In other news today:
Another brilliant remark by Ron Paul:
"In 140 characters, the newly retired congressman reminds us why he — and maybe his son — won't top the GOP presidential ticket
When news started spreading that Chris Kyle, a former SEAL and author of the best-selling autobiography American Sniper, was shot dead with a friend over the weekend — allegedly at the hands of a PTSD-suffering former Marine he was trying to help by taking him shooting at a hunting range — conservatives were incensed over the callous tweets of "some on the anti-gun Left." And then this happened:
"Chris Kyle's death seems to confirm that "he who lives by the sword dies by the sword." Treating PTSD at a firing range doesn't make sense."
— Ron Paul (@RonPaul) February 4, 2013
And just like that, the three-time Republican presidential candidate's tenuous coalition of pro-gun libertarians, anti–Federal Reserve goldbugs, and foreign policy non-interventionists crumbled. Paul is an opponent of gun control — saying after December's Newtown, Conn., grade school massacre that "more guns equals less crime" and that "private gun ownership prevents many shootings" — but also of U.S. military adventurism.
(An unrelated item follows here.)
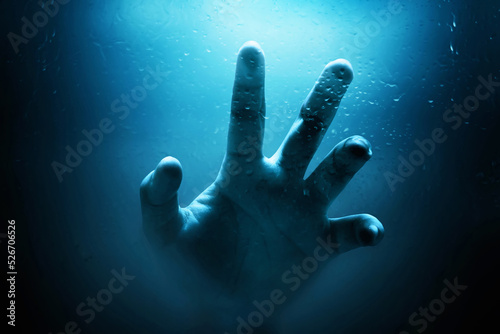 Картината върху платно Human hand drowning, Halloween theme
Kyle, also an outspoken gun-rights advocate, earned a reputation in Iraq as one of the deadliest snipers in U.S. military history. With Twitter erupting in outrage over his comment, Paul took to Facebook to explain himself:
As a veteran, I certainly recognize that this weekend's violence and killing of Chris Kyle were a tragic and sad event. My condolences and prayers go out to Mr. Kyle's family. Unconstitutional and unnecessary wars have endless unintended consequences. A policy of non-violence, as Christ preached, would have prevented this and similar tragedies. -REP..."
http://news.yahoo.com/ron-pauls-puzzling-critique-murdered-seal-chris-kyle-072000026.html
Someone should take the soon to be octogenarian's social networking accounts away from him, he's lost all sense of reasoning.
Wait, how can you lose something that you've never had?